On le sait, ce roman occupe une place à part dans l’œuvre. Il est le premier d’une tétralogie qui s’achèvera presque quarante ans plus tard : Mangeclous, Belle du Seigneur et les Valeureux se présentent comme la suite logique et chronologique de Solal. Certes, la fin du roman — la solaire résurrection du héros — s’ouvrait à toutes les continuations narratives ; tout indique, pourtant, qu’au moment de la conception de Solal, Cohen n’avait pas encore à l’esprit la totalité de son cycle à venir. Ce n’est qu’après 1930 que fut conçu ce que l’auteur envisagea un moment d’intituler La Geste des Juifs ou Solal et les Solal. D’où le statut encore indécidable du roman, aux yeux de ses lecteurs et des critiques. Premier volet d’un cycle pour les uns (que l’auteur s’est employé à réintégrer a posteriori dans ses romans ultérieurs, par tout un système de références et de rappels), il ne serait pour d’autres que le germe, sinon le brouillon, du grand œuvre à venir. Ainsi s’expliquerait le jeu des répétitions et des redoublements, si frappant — si embarrassant parfois — pour ceux qui enchaînent la lecture des quatre romans : Aude, préfiguration d’Ariane ; Madame Sarles, ancêtre de Madame Deume ; le pasteur Sarles, ébauche d’Agrippa ; Jacques, esquisse d’Adrien. La liste pourrait s’étendre : Adrienne et Isolde, Château de Saint-Germain et cave de Berlin, Ministère du Travail et Société des Nations…

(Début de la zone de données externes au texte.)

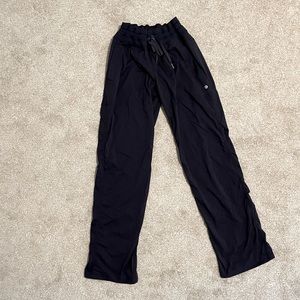 Lululemon Studio Pants womens, Navy, size 8, Excellent Condition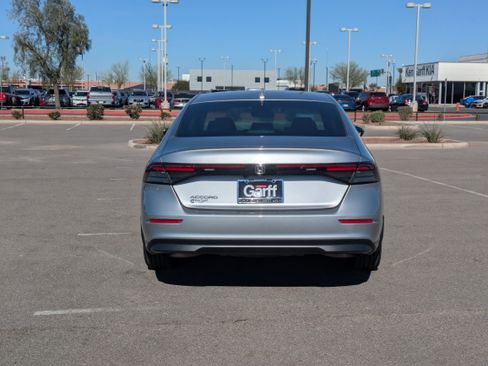 Used 2023 Honda Accord EX image 4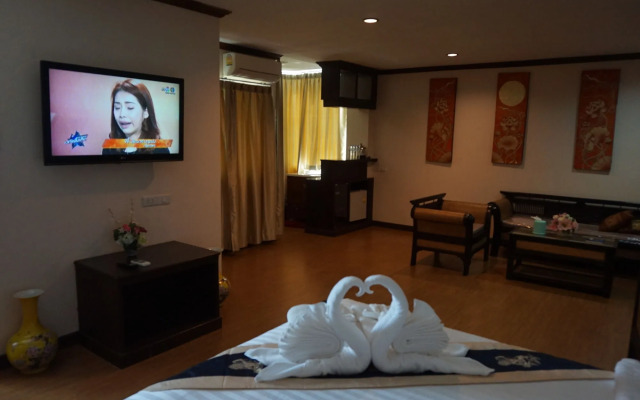 Baiboon Grand Hotel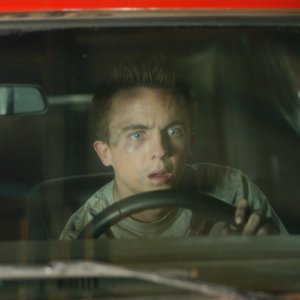 6x09 Malcolm's Car still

Pourtant, peut-on sérieusement affirmer que tout, dans Solal, est fait pour aboutir à Belle du Seigneur ? Outre que ce serait régler bien vite le statut de ces duplications, symétries, échos et correspondances entre les deux œuvres, un tel "finalisme" a toutes chances de nous faire manquer le génie propre d’un roman qui ne ressemble à nul autre. Le Cohen de 1930 n’a pas perdu sa mère, ni connu la guerre, la résistance, le génocide des Juifs ; il n’a pas définitivement élaboré ce qui deviendrait bientôt sa "vision du monde". Il y a dans Solal une forme de fulgurance juvénile, d’insolente irréflexion, de romantisme peut-être, de "naïveté" même (si l’on rend à ce terme toute sa dignité esthétique) qui mérite d’être étudiée pour elle-même. L’unité d’inspiration ne doit pas dissimuler la portée des différences, la profondeur des infléchissements, la force singularisante du contexte biographique et historique.

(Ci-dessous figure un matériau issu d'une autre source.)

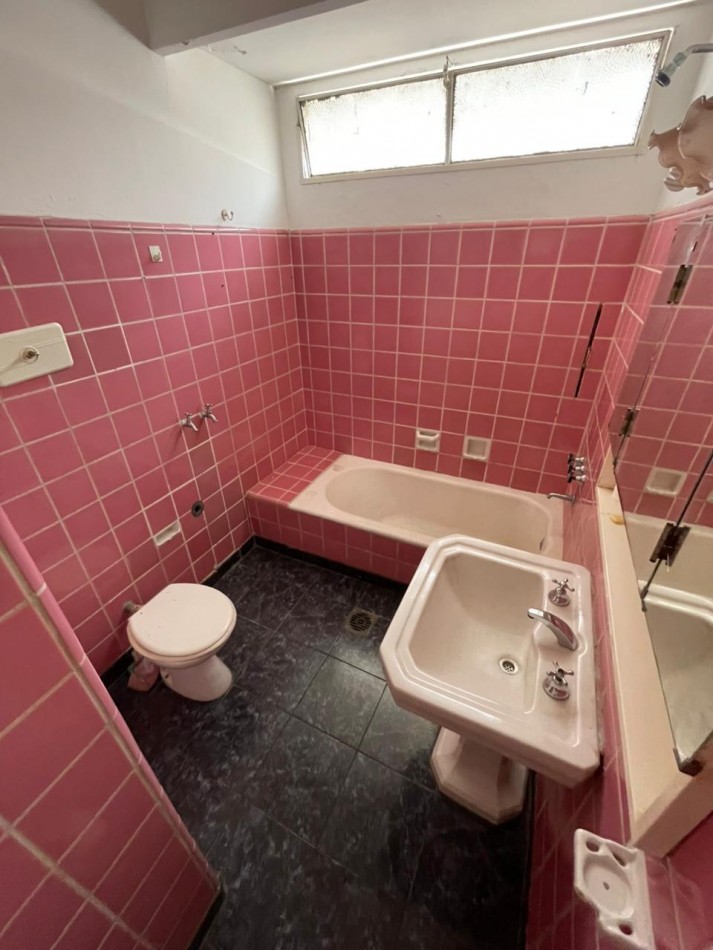 EN VENTA! Departamento de pasillo 4 ambientes en pleno centro! Pte. Roca 1300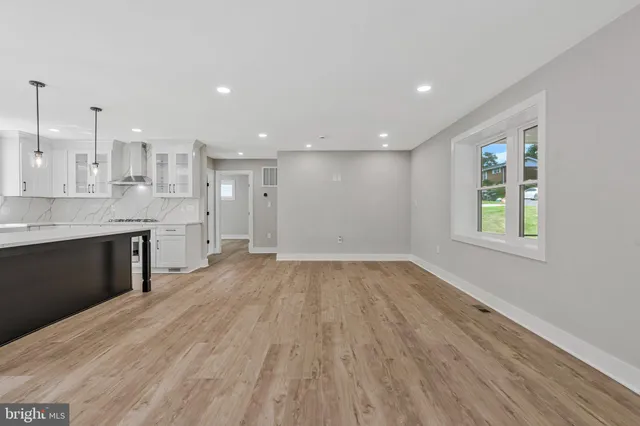 $1,250,000 | 10211 Stratford Avenue, Fairfax, VA 22030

C’est l’intérêt des trois principales contributions de ces Cahiers que de nous permettre de jeter un regard neuf sur le premier roman de Cohen. La longue étude de Norman Thau, en démontrant des similitudes saisissantes entre Solal et Le Juif Süss de Lion Feuchtwanger, permet à la fois de replacer l’œuvre de Cohen dans un contexte élargi (celui de l’Europe de l’entre-deux-guerres) et d’éclairer sous un nouveau jour la question juive dans le roman, à travers le thème de la "permanence identitaire". L’article d’Évelyne Léwy-Bertaut prolonge ce questionnement en explorant les conditions de possibilité d’un roman d’apprentissage juif. La lecture des réflexions de Cohen lui-même sur "Le Juif et les romanciers français", publiées dans la Revue de Genève en 1923, apparaît, dans les deux articles, particulièrement précieuse pour qui veut saisir le contexte intellectuel qui préside à la conception de Solal : on peut regretter qu’un tel document n’ait jamais été réédité. Alain Schaffner, quant à lui, engageant un dialogue fécond avec des études antérieures, revient sur un épisode, souvent commenté, jamais épuisé : celui du Château de Saint-Germain, en choisissant d’approfondir l’aspect proprement "gothique" de l’imaginaire cohénien. Ces études, aussi riches qu’originales, sont utilement complétées par les informations que Denise Goitein-Galpérin met à notre disposition sur les années genevoises d’Albert Cohen et sur son amitié méconnue avec Marc Chapiro.

Le chantier de la recherche reste immense. Tout au moins peut-on espérer que ce dossier donnera, aux uns, l’occasion de prolonger et d’approfondir leur connaissance d’un grand roman, aux autres, simplement, le désir ou le plaisir de lire et de relire Solal.